裁判では、新型インフルエンザ等対策特別措置法(特措法)に基づいて発出された東京都による時間短縮営業の命令が違法・違憲だとし、特措法そのものの違憲性についても争う考え。一方で、今回の訴訟は「損失補填が目的でない」とし、損害賠償請求額はわずか104円と少額だ。
命令が出る前の「要請」段階では、時短営業に応じられなかった理由や、今回訴訟を提起した背景・意義について、グローバルダイニングの長谷川耕造社長とその代理人である倉持麟太郎弁護士に聞いた(※以下敬称略)。

飲食店だけ20時閉店は理解できない

――2度目の緊急事態宣言下において、時間短縮営業の要請を受け入れなかった理由を教えてください。

長谷川:コロナに関するいろいろな科学的分析がされるなか、(行政の感染症対策に対し)大きな疑問があった。国内の死者数をみてもこれまでで約9000人と、過去のインフルエンザと比べても少ない。

こうした中、(飲食店に対し1度目の緊急事態宣言のときと)同じような施策を打つことには納得ができない。ほかの施設が営業している中、飲食店だけが20時閉店というのは理解しがたい。(行政は)恐怖心をあおるようなことばかりで、むしろ政策によって生きるか死ぬかという塗炭の苦しみを味わっている人がたくさんいるのではないか。法律上も「要請」は行政指導であり、従う義務はないと考えている。

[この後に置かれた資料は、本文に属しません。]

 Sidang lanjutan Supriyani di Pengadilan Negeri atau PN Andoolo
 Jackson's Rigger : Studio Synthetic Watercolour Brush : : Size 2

――時短営業に応じた飲食店に支給される協力金額が、1店舗1日6万円という点についても、実態に即さないと指摘されています。

長谷川:うちは規模としては大きいほうなので、1日6万円という協力金では、とてもではないが会社の存続にとってサポートになりえない。

昨年は(前年比で)売り上げが半分近くまで下がって、創業以来最大の赤字を出した。幸いなことに銀行や政府系金融機関からお金を借りることができたが、今後また時短で同じようなことが起きたら、金融機関も貸し渋る可能性があるだろう。

――一方、効果的な対策がなされていれば時短要請に応じていた可能性が高いとも発信されています。

長谷川:例えば、われわれはロサンゼルスにも店舗を有しているが、アメリカはサポートをするシステムが豊富だ。当社の場合はPPP(給与保護プログラム) というものを利用した。これは借り入れ金だが、雇用維持など一定の条件を満たせば、それを返さなくてよいというパッケージだ。アメリカでは、罰則が厳しい分、何とか生き残れるような環境をスピード感をもって提供してもらえた。